El buen gobernante es un mito necesario, pero un mito. El individuo debe oponerse siempre al poder, aunque de antemano haya perdido la batalla, tal como el diablo medieval se oponía siempre a su creador, sabiendo que iba a perder, sabiendo que le pertenecía y que su conciencia era en sí misma una monstruosidad, una derivación, un engendro, algo que no debía suceder. El individuo debe oponerse al mal del poder, incluso si no tiene otra alternativa que lo remplace. Es decir, el individuo no debe rechazar a los gobernantes, que en su mayoría son infelices o ególatras dignos de lástima, ni proponer gobernantes nuevos, debe rechazar el poder como fuerza impulsora de la sociedad. Aquello que genera y permite la sociedad es también aquello que la corrompe. Y el individuo necesita crear la burbuja moral, necesita crear el bien, y para ello debe oponerse al poder. Desconozco si es posible una sociedad sin la violencia directa o indirecta de unas personas sobre otras, probablemente no sea posible, pero debemos juzgarnos a nosotros mismos como si lo fuera. Nuestra pureza está en no ser corrompidos por la política. Eso significa no ser corrompidos por los políticos, no odiar sin miramientos, lo cual es un facilismo, no inventarse enemigos sobrenaturales, ni defender el honor de los mártires en prejuicio de los vivos. Todas esas cosas que el político que triunfa o que suele triunfar en las democracias aprecia debemos preguntarnos si tributan a los caprichos de la gente o a la felicidad de la gente. Si tributan a la fantasía moderna de la gente de que su gobernante les sirva como un mísero esclavo o a hechos prácticos que harán sus vidas más prósperas. Si tributan a la vanidad, a las banderas y a los himnos, o a la justicia, a leyes que premien el trabajo de los talentosos y esforzados, y no las trampas de los canallas. Oponerse al poder en nuestro tiempo significa no odiar personas, ni a grupos de personas, rechazar, eso sí, la vacuidad.

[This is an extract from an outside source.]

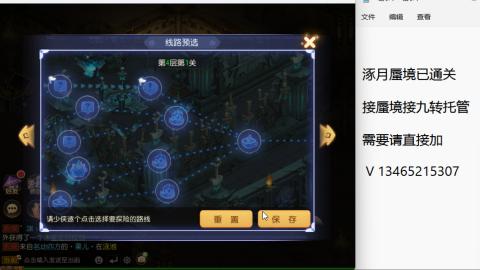接九转蜃境托管~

El arte no enajena, es la política la que enajena. El arte nos impide odiar. He escrito estas interminables líneas para llegar a este punto. El escritor y el artista se oponen de manera natural al poder. No porque deban escribir una literatura comprometida, ni hacer obras artísticas que critiquen tonta e irrelevantemente a los gobiernos, sino porque el arte y la literatura desde su pureza anulan la vacuidad boscosa que las diversas formas de política impregnan en nuestras agitadas vidas. El arte y la literatura, puesto que son la encarnación más noble del individuo, se oponen al mal necesario que es el poder como génesis de la sociedad. El arte y la literatura son el bien, su inutilidad contrasta con la obscena y maligna utilidad de la política. La belleza no es de izquierda o de derecha, no apoya a liberales o a absolutistas, la indiferencia que ha sentido siempre la belleza auténtica por la política ha causado el histórico resentimiento de los políticos hacia los escritores y los artistas. El dios originario vence sobre el dios rebelde, pero lo envidia.